Theater chain Carmike Cinemas dropped today’s scheduled shareholder vote on its proposed sale to AMC Entertainment Holdings, saying it was adjourning until next month and throwing the $1.1 billion deal into doubt. The deal was opposed by some of Carmike’s biggest shareholders. Carmike said the adjournment was made at the request of AMC and that the special meeting will reconvene on July 15.
The big deal announced today comes from Mondelez International, a $23 billion offer for Hershey, the chocolate company. Hershey said that Mondelez had offered to pay $107 a share in cash and stock, a premium of about 10 percent to Hershey’s closing stock price. Hershey said that its board had “rejected the indication of interest and determined that it provided no basis for further discussion between Mondelez and the company.”
Winning Hershey could prove tricky for Mondelez, since the smaller chocolate maker is effectively controlled by a charitable trust that owns about 81 percent of the company’s voting power. The Hershey Trust, established by Milton Hershey and his wife, Catherine, in 1905, has opposed takeovers of the company in the past.
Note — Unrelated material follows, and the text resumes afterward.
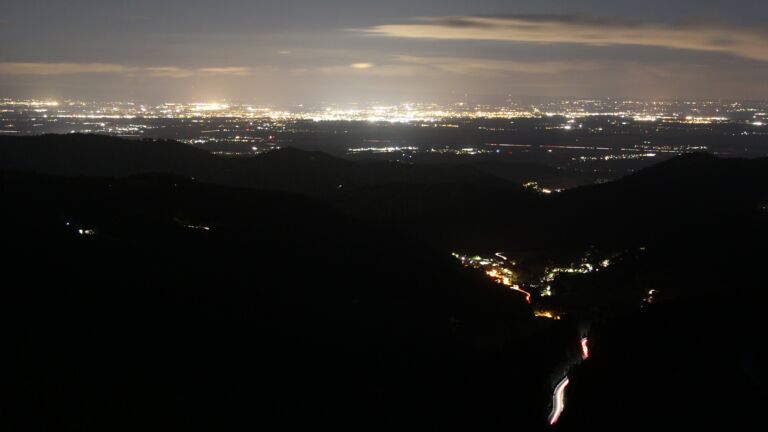 Dieses Bild zeigt eine Webcam-Aufnahme vom Achertal, aufgenommen am Donnerstag, den 11.09.2025 um 22:00 Uhr. Die Temperatur betrug 9.9°C.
In 2002, the trust halted an auction of the company at the 11th hour as it was about to accept a $12 billion deal from Wm. Wrigley Jr. Company. News of the offer approach sent shares in Hershey up 16 percent, to $113.49, which is more than the offered amount. So, if Mendelez is serious, they will clearly have to sweeten the deal. (sorry, I couldn’t resist.)
The Justice Department has told Anthem its planned takeover of Cigna threatens competition and probably can’t be fixed by selling parts of their businesses. A decision on the $48 billion merger is expected by mid-July.
If you decide to just kick back for the Fourth, you might take advantage of the downtime to grab your mobile device and reset your passwords. Oculus VR CEO Brendan Iribe, is the latest, high-profile victim of a Twitter account takeover, and he allegedly used an old password. The hackers took over his Twitter account by posting: “Imagine creating the coolest s**t to ever be introduced to gaming and technology but using the same pass for 4 years lol… silly Mr. CEO.” It got worse from there.
Millions of U.S. travelers flying during the busy Fourth of July holiday weekend will face heightened security and increased delays due to the deadly attacks at Istanbul’s main airport. Following the Istanbul attacks, which took place outside security checkpoints, U.S. airports are likely to focus on surveillance and armed personnel in similar public spaces not subject to screening.
The security measures are not limited to airports; look for more officers at July 4th celebrations as well. A record number of Americans, 43 million, are expected to travel between June 30 and July 4, according to AAA. The vast majority will go by car, AAA said, but 3.3 million are expected to fly.